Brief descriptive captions
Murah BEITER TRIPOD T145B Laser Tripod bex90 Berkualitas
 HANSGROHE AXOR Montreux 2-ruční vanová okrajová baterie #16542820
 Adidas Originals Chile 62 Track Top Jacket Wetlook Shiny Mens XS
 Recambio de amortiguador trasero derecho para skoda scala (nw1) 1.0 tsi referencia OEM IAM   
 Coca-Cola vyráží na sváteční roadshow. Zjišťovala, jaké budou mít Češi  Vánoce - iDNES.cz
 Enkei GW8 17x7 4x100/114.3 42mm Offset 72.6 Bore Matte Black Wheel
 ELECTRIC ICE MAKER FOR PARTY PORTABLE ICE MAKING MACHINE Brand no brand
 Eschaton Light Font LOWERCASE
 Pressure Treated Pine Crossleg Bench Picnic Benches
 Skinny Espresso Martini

=== WHAT NEEDS TO BE DONE ===
Nothing should appear in the answer except the lines from the one with "ELECTRIC ICE MAKER" through the final line of the records, written exactly.

=== TASK SOLUTION ===
 ELECTRIC ICE MAKER FOR PARTY PORTABLE ICE MAKING MACHINE Brand no brand
 Eschaton Light Font LOWERCASE
 Pressure Treated Pine Crossleg Bench Picnic Benches
 Skinny Espresso Martini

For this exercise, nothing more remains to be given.